As John Morris can now attest, a week is a very long time in rugby league, and if I were a betting man, I’d like to have some money on another couple of coaches joining him in the exit queue before too long.
That brings me to Wests Tigers coach Michael Maguire, who looks to me to be in dead-man-walking mode as he fails to either shake or cajole any level of pride of performance from his players.
Maguire came to the Tigers on a three-year contract at the beginning of 2019, replacing Ivan Cleary, who had suddenly jumped off the Wests Tigers bus.
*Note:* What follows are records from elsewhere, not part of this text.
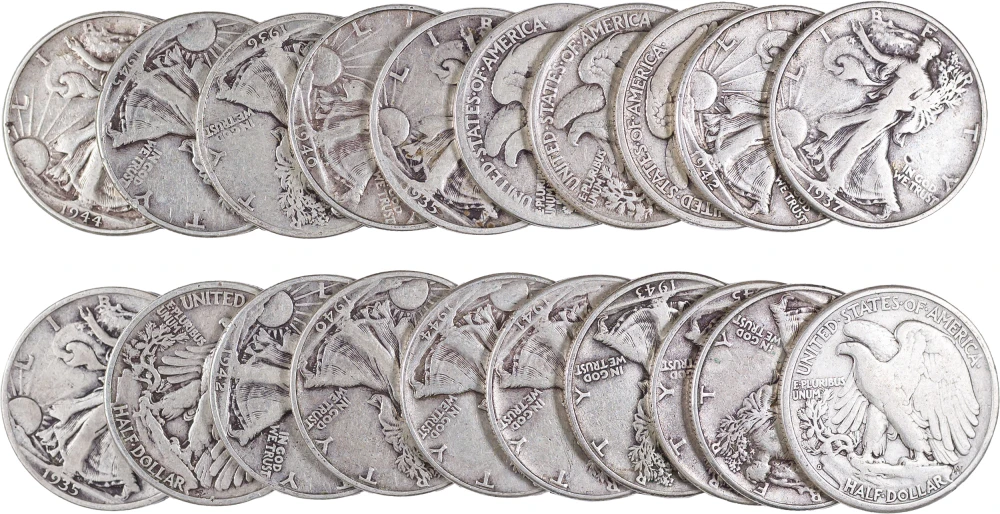 Circulated Roll Walking Liberty Half Dollars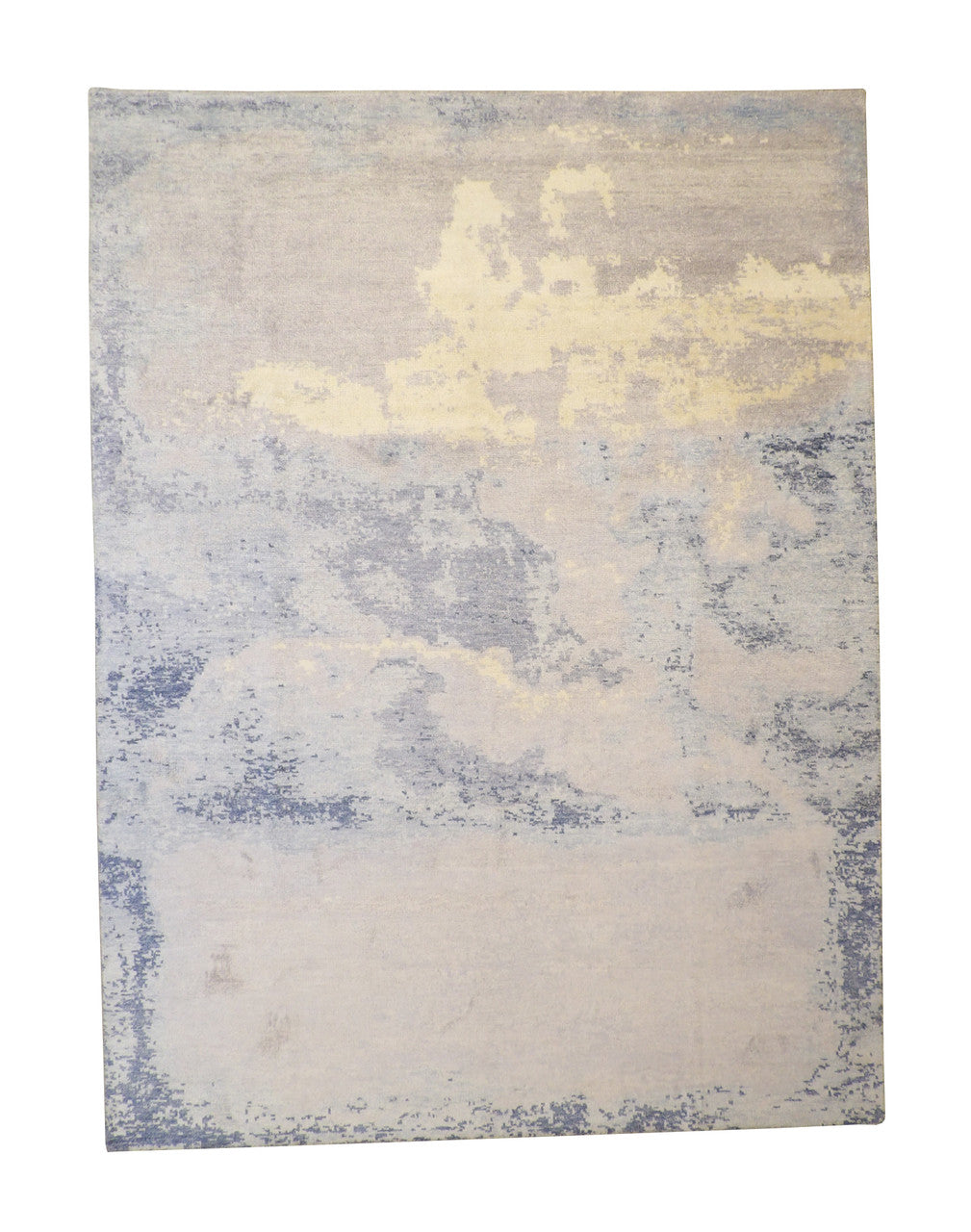 Modern Abstract Distress Design hand-knotted silk rug in Blue & White, full view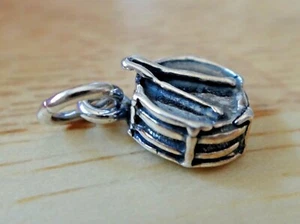 Sterling Silver 3D Small 13x8mm Drum & Sticks Music Instrument Charm  - Picture 1 of 8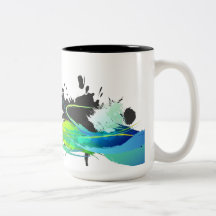 Abstract cool waters Paint Splatters Coffee Mugs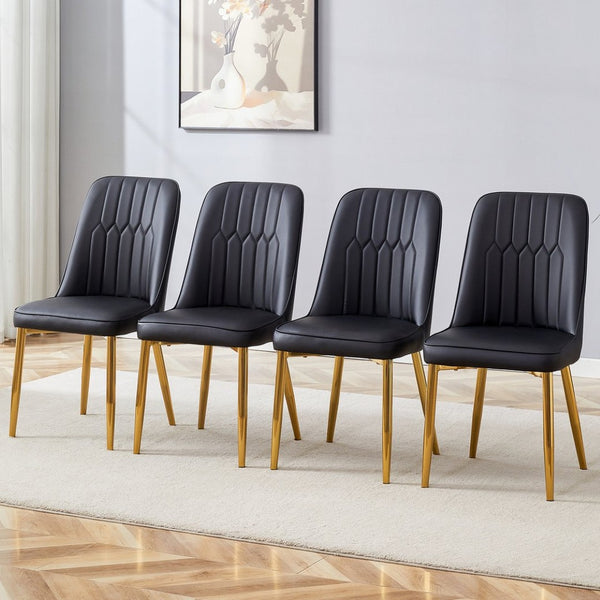 English Elm 4 Pu Leather Dining Chairs with Gold Metal Legs Curved Backrest Modern Set W1151P183315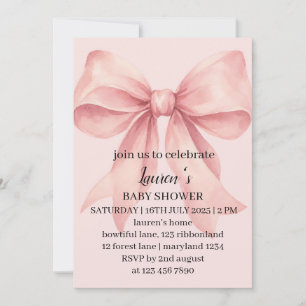 Coquette Pink Ribbon Bow Baby Shower Invitation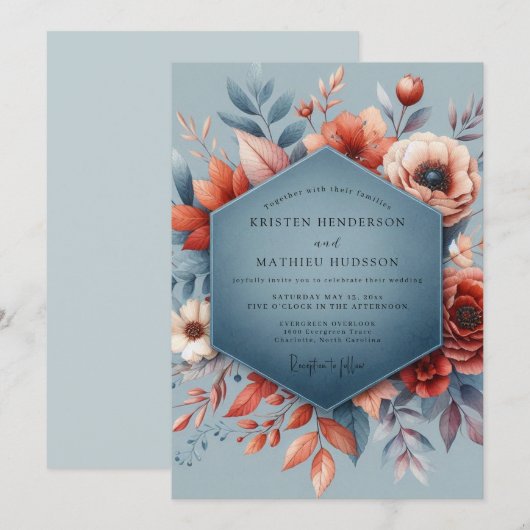 Invitation Slate Blue Autumnal Bloom Wedding (Devant / Derrière)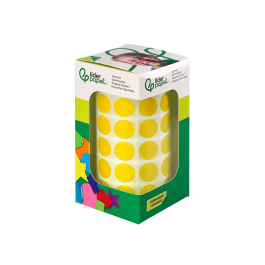 Liderpapel Gomets Circulares Adhesivos 15 mm Amarillo Rollo 2500 Unidades Caja Cartón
Maguire was very well credentialled, having guided Wigan Warriors to both Super League and Challenge Cup victories in England and taken South Sydney to multiple final series before securing their long-awaited 21st premiership in 2014.
Unfortunately he hasn’t been able to replicate that success with Wests, and he is currently sitting on a win ratio of just 39 per cent compared to win ratios of 75 per cent and 56 per cent achieved at Wigan and Souths respectively.
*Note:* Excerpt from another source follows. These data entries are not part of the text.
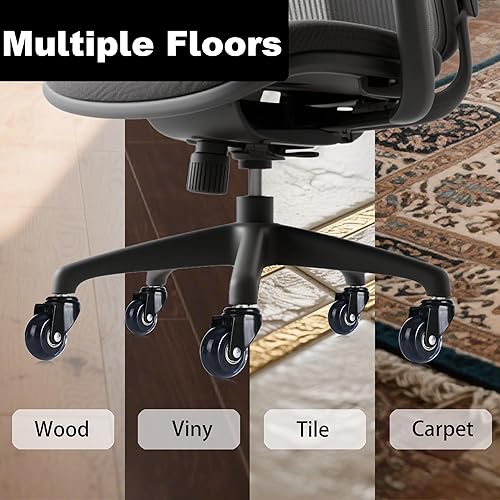 Miniatura 3 de Ruedas giratorias para silla de oficina, ruedas dobles de 2 pulgadas, juego de 5 ruedas giratorias de goma silenciosa de repuesto resistentes para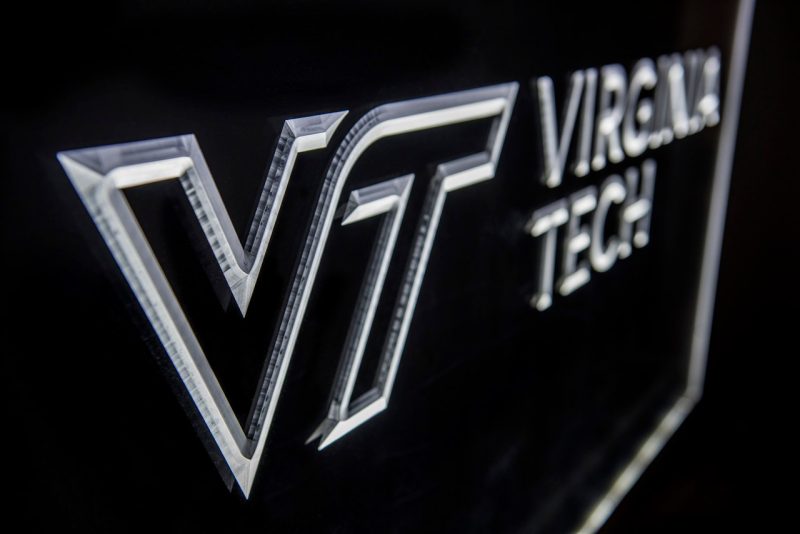 Black and white Virginia Tech sign with Virginia Tech logo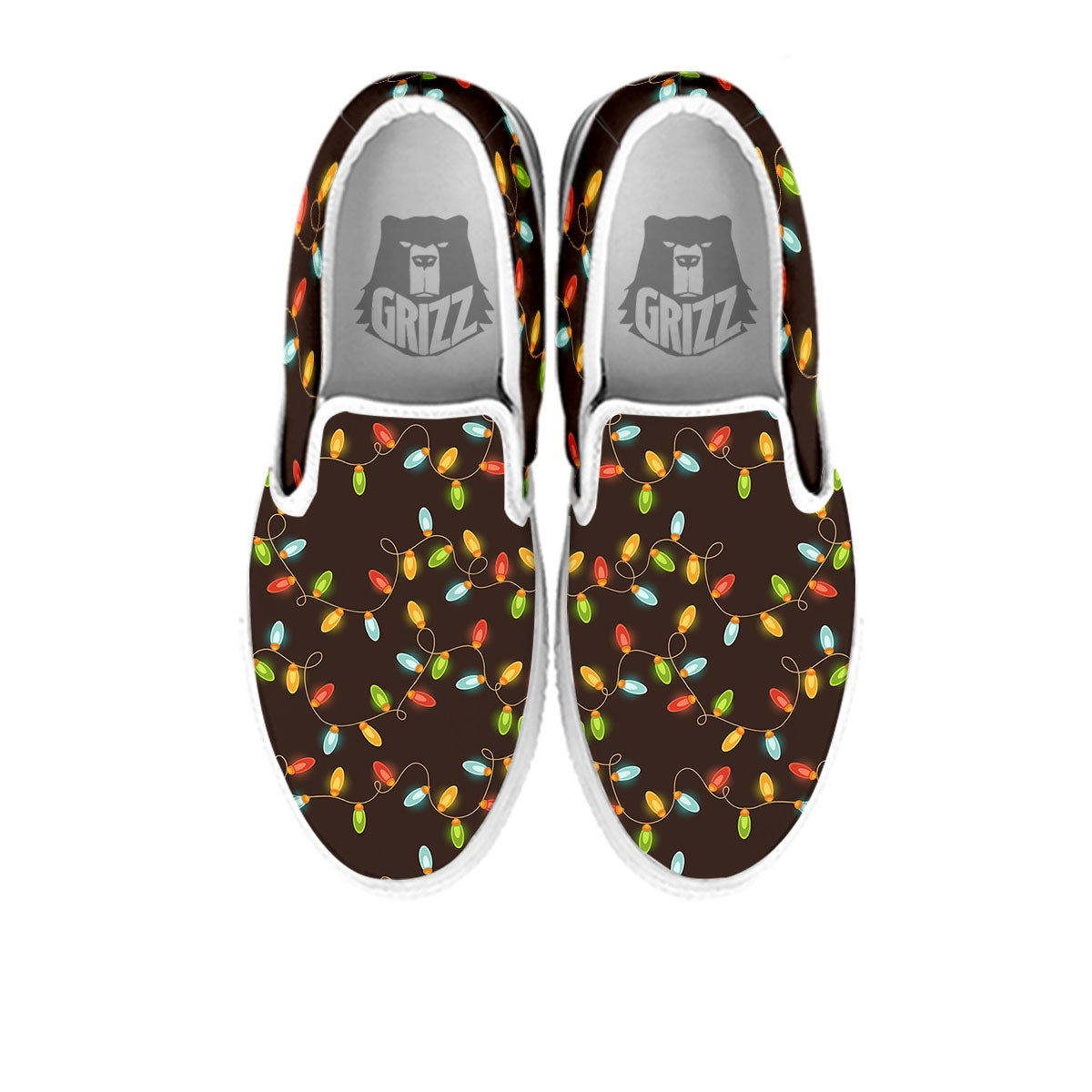 Christmas Lights Print Pattern White Slip On Shoes-grizzshop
Wests finished ninth in his first season as coach in 2019, slipped to 11th last year and currently sit in 13th position with just one win in five games. It’s hard to see them rising out of the bottom four this year.
These are hardly results to write home about, and they are far worse than John Morris achieved with his two finals finishes and his win ratio with the Sharks of 47 per cent.
Of course Maguire can claim the usual excuses for his team’s lack of success, including the now favourite ‘inherited poor roster’ excuse that failed to save Morris this year and others like Dean Pay in the past. Yes, there were some underperforming players taking up cap space when he was appointed, including Russell Packer, Josh Reynolds and Moses Mbye, but I’m assuming that Maguire had some input into the recruitment of both Joseph Leilua and James Roberts and also in the departure of one of their best forwards in Josh Aloiai, so fair’s fair on that front.
Yes, he’s had his original three-year coaching deal extended until the end of 2023, but what does that really mean? Wests have a proud history of contributing to the lifestyle of sacked coaches, and we all know that these days any contract can be broken seemingly at will.
I’m not even sure that Maguire is even enjoying his job these days. Yes, there was a rare smile captured on camera a couple of weeks back, but his body language generally shows a high level of frustration with his team.
But most worryingly for Maguire are the recent statements made by Wests chairman Lee Hagipantelis, including this gem: “There is no change of coach on our radar whatsoever”.
In league circles that’s as good as saying, “Hand in your swipe card, return the car keys and mobile phone and move directly to the building exit”.
So it looks to me that Madge will be the next coach to go this year, but I hardly think he’ll be the last.